The one morning Ashley woke to her dad’s voice at the breakfast table. It forced its way through the walls and floor upstairs to her room. Rufus had gotten into the fence that held the chickens from wandering the yard and shook one until it was dead.

“We can’t keep a dog that kills chickens,” she heard him tell her mom.

Her mom’s response was muffled and lost.

“I don’t care who loves that damn thing. We can’t have a dog that kills chickens.”

Silence followed.

Ashley shook with the fear that an angry voice causes but knew she had to act. She dressed quickly and made her way downstairs just a touch too late.

Her mom blocked the window out to the yard with her body, “sit down for some pancakes,” she said.

Ashley tried to get past, but her mom was stronger and held her tight. Tears fell down her cheeks. “Dad can’t get rid of Rufus,” she sobbed into her mother’s apron.

“Your dad is doing the right thing, now have some pancakes.”

Ashley obeyed. She could barely eat the first one on her plate. Her mom had just placed the second on top when the gunshot rattled the window.

“What was that?” she asked.

“Nothing,” her mom answered. “I think your dad said something about chasing away the sparrows roosting in the silo.

“Oh.”

Ashley forced herself to believe.

Walter has settled down and is lazily biting at Ashley’s jeans. She pets him from nose to tip of the tail. He is a good dog. She can tell.

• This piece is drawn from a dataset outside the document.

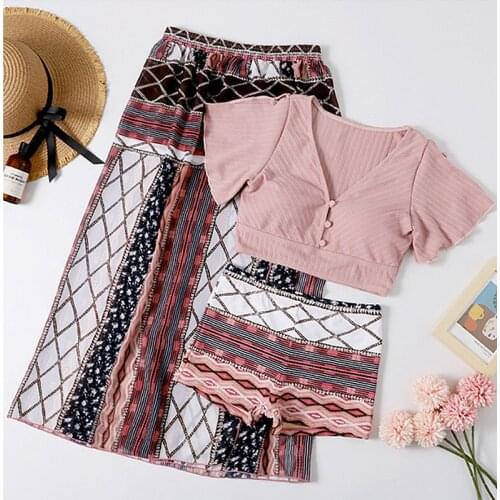 STAERK Skirt style 3-pieceKorean short sleeve swimsuit womens sexy pink Floral High Cut Tankini Plunge Bra and Floral Briefs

“Well?” Ashley’s dad appears next to her. He reaches out his hand and helps her stand. “So which one do you want?” he asks.

Walter settles down next to her shoe,  oblivious to his fate.

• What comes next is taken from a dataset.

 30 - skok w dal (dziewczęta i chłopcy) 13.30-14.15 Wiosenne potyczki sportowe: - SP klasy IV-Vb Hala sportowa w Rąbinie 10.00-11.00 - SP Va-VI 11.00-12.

“I don’t like any of them,” Ashley replies.

“None? Not even that little guy untying your laces? He looks like a smart one.”

Walter tips over and rubs his back against the straw. He stretches and yawns as though he hasn’t slept for days.

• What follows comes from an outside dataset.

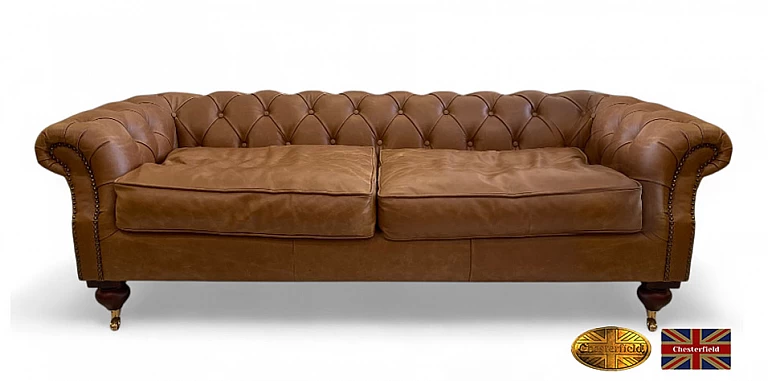 Γνήσιος δερμάτινος καναπές Chesterfield τριθέσιος (VBH3) ΣΑΛΟΝΙΑ ΓΡΑΦΕΙΟΥ ΔΕΡΜΑΤΙΝΑ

“Yeah, um… no,” Ashley mutters, “especially not him.”

A night out

A turn of the key and they were in. Stan first then her. She had always wanted to stay at a nice hotel but she’d never have predicted it happening this way. Her dream had included a handsome man with a wallet full of bills. The silky dress she wore a silver lake on the floor. High heeled shoes and a fake fur–she’d never have the heart to wear a real one–next to it.

The metal pick Stan laid on the nightstand reminded her there was no fake fur in the scene. The black ensemble she found in the “so you’re going to rob a bank” section of the local Goodwill was all there was.

Stan had reasoned they’d never look for bank robbers at a swanky hotel and she agreed. She threw her mask on the nightstand and back flopped onto the mattress. This acre would be her side. Stan wouldn’t even know she was there in this massive thing. She could have her night with her dream lover and not even shake the bed. Not even a little.